Problem details: For the material below, return exactly the lines starting at the line containing "Moderns - Jarre (KLΔZ RMX)" and ending at the line containing "Etowah Air Duct LLC", both ends included, and no others.

Material for the task:
[Start of section]

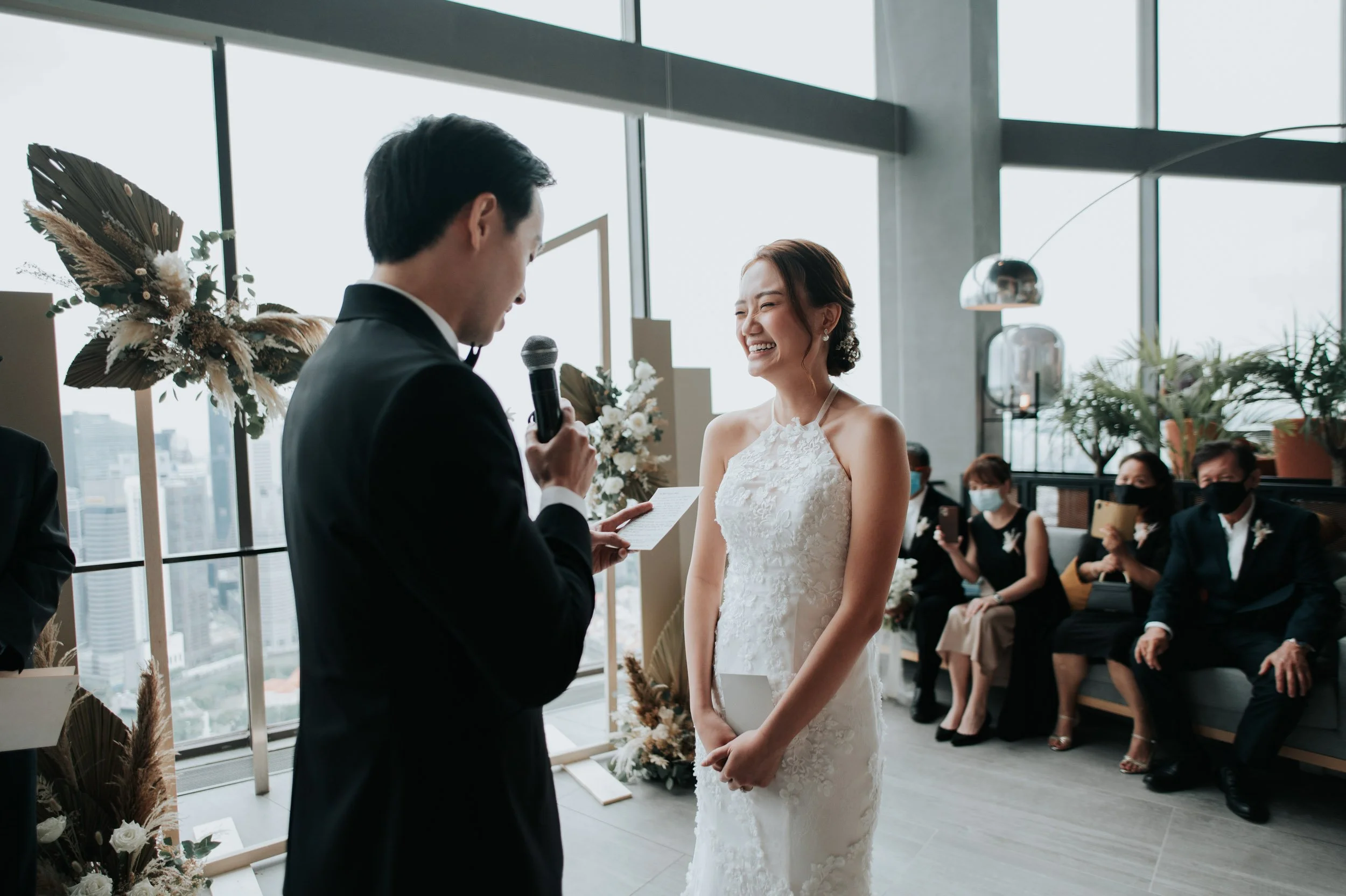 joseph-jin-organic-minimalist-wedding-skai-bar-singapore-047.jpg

[End of section]
[Start of section]

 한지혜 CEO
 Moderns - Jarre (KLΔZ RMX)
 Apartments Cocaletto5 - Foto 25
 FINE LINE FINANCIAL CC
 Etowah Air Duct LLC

[End of section]
[Start of section]

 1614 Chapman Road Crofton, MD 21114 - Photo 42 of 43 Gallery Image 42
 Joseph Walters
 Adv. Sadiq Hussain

[End of section]

Completed exercise:
 Moderns - Jarre (KLΔZ RMX)
 Apartments Cocaletto5 - Foto 25
 FINE LINE FINANCIAL CC
 Etowah Air Duct LLC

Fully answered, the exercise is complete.